New Faith (Part One),
The last six months have been an interesting opportunity to rediscover – or perhaps discover – my faith without feeling like I have to fit into any one predetermined list given to me by a denomination or church.
Earlier this week, a friend caught some flack for not attending church every Sunday, especially because the critic was worried about her kids growing up not attending on Sundays. It astounded me, in part because this friend has been Jesus to me over and over, showing grace, love, humor, and giving guidance so freely. Her kids have beautiful, generous, happy souls who seek to serve and love people while they are little minions of faith. I don’t know her husband well, but as far as I can see, he believes in his family, is faithful to them, and is a pretty great guy. How much more Jesus-y can a family get? They aren’t “unbelievers,” but in this season, Sunday morning church isn’t how they experience God and grow in faith.
My job means that I don’t get to go to church on Sundays. I miss it. I ache to go to my church again.
I’ve talked with a lot of people about what it means to be a Christian and how the church fits into that. I know a heartbreaking number of people who are stuck between being a Christian because it’s what they believe and feeling like they’re too battered by the church to return to it. If it weren’t for my friends and my new church, that’s where I would be.
Last week, a customer was trying to bait me into an argument by asking me to label him with terms he would then take offense to. I didn’t take it. At one point, he strayed into the field of religion and asked what I am. I said Christian, he asked what denomination. I said that I attend the United Church of Christ, but I am not an official member of any particular congregation. It got me thinking, though.
My faith is vastly different than what it was a year ago. It is freer, happier, and far more open. If I had to define it, I’m not sure that I could, but here is what I have so far:
1. I have faith that there is a God. A genderless, omnipotent God, and that God loves people, both collectively and individually.
2. The best way to honor God is to to follow the command to love God and others.
3. Jesus is divine, and the best way to understand what it means to love God and others is to follow his example and take his message -LOVE- seriously.
4. There was no asterisk after “others,” so I don’t get to exclude anyone, as much as I would like to.
5. All truth belongs to God. So of I find truth in science, or a Baha’i writing, or through meditation, it’s OK because God is the god of all truth.
6. God forgives people, so I must, too. That includes forgiving myself.
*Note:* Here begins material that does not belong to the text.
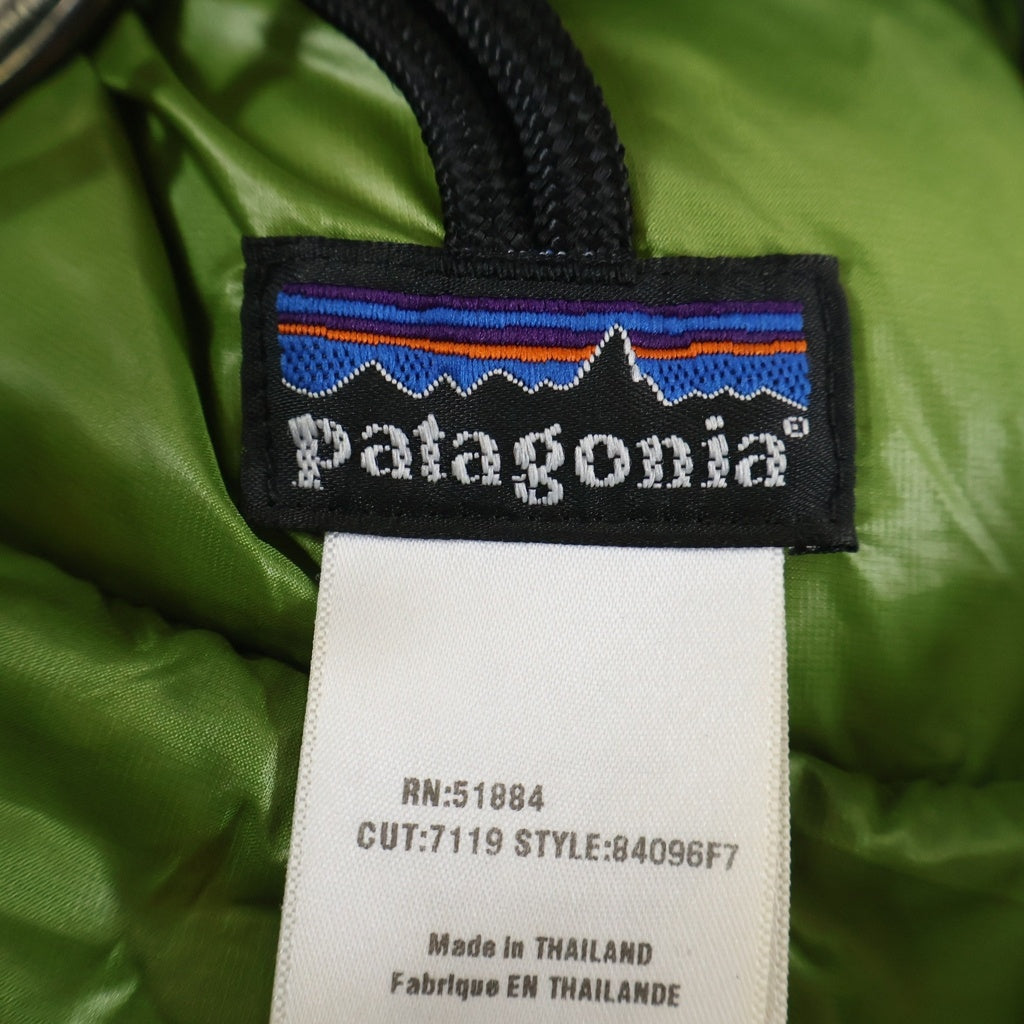 PATAGONIA(パタゴニア) 07AW DAS PARKA ダスパーカ シンサレート 中綿 ダウンジャケット グリーン 84096F7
7. I have no opinion on eschatology, other than the opinions that those who fixate on it are typically dangerous, and that it is far beyond my control or scope of comprehension.
8. I don’t get to determine who has salvation, but I am pretty sure its a much larger crowd of people than I can imagine. I am not a total universalist, and I think that those with hard, hateful hearts are unlikely to have salvation. I haven’t been convinced of any specific fate for those who don’t.
9. I think a lot of the things that are focal points of taboo behavior in conservative churches are legalistic garbage that hides far bigger, more dangerous sins like pride, malice, and greed.
10. The best of me is actually a reflection of God that others get to see, and I am at peace when I remember to use all my words and actions as a prayer.
That’s pretty much it. I have a ton of questions and my faith will no doubt be shaped into something altogether new by next week. It really comes down to six elements: God, me, others, love, humility, and peace. When I am in a place where those elements are well balanced, life is good. When they get our of balance, I need to do what is needed to get it back.
It seems to have taken a lot of life to get to this point, but taking the religion out of my religion has revolutionized, restored, and reinforced my faith.